Sunday was absolutely amazing. Soojung, Stephanie (American exchange), and I went to Caribbean Bay, which is the world's largest indoor-outdoor water park in the world. We went on a bunch of rides and swam a ton. The prices for food weren't ridiculous like they are at parks in America so we had peanut butter fried squid for snack. My first culture shock moment happened in the locker rooms when we were done. All the women just walked around naked. Not just in the showers (which are completely public), everywhere in the locker room area. I saw more female body parts yesterday than I had before in my entire life. Not that that's a bad thing but it was for sure different. Oh, and a lot of Koreans wore clothes over their swimsuits in the park; not that it mattered, since Caribbean Bay requires you to wear a life jacket. Super awesome day, all in all, even though the ride there and back took about two and a half hours. 
 Today we went to Gyeongbok Palace for the first day of Chuseok. Because it was Chuseok, there were a ton of activities going on and admission was free. I wasn't sure I wanted to go because I was so tired from the water park but I'm glad I did. The palace itself isn't all that interesting but it's one of those places you should go while you're in Seoul. It's about the history. That palace was built in the 14th century. Just thinking about all the people who've passed through there can give you chills. We also made poop-shaped soap (I don't know why that is considered Korean), watched a children's puppet show, and tried on Hanbok. Hanbok is traditional Korean dress and it was one of the things on my to-do list that I wasn't sure I'd get to. Normally, Hanbok is incredibly expensive but it was free to try on because it was Chuseok. Yay!


 Random Thoughts:

 Korea is super duper hot. Maybe it's because I'm used to Minnesota having just one week that's super hot and humid but this is ridiculous. Korea isn't hotter or more humid than Minnesota gets, but it stays there longer. My hair has been up every single day.

Everyone always says that Korean don't show public displays of affection. That's a total and complete lie. Koreans may not kiss as much in public but couples are literally constantly touching each other. And if they aren't touching each other, they're probably wearing couple items so you still know they're together. I have seen the most unique positions in Seoul; like, how are they even walking? And why must you always touch each other?! It's actually a little ridiculous.

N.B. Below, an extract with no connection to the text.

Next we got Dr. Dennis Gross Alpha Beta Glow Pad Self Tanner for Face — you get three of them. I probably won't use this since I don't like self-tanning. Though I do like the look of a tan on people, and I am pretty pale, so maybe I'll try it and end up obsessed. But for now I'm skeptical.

The spiders here are ginormous. Enough said. They scare the crap out of me.

I was told before I got here that my study abroad experience would be an emotional roller coaster. I thought I would have good days and bad days. While that can be true, I've also experienced days where my emotions have drastically changed moment to moment. It's rather exhausting actually. Sometimes I'm fine, sometimes I think Korea is the coolest place ever, and sometimes I just want to go home.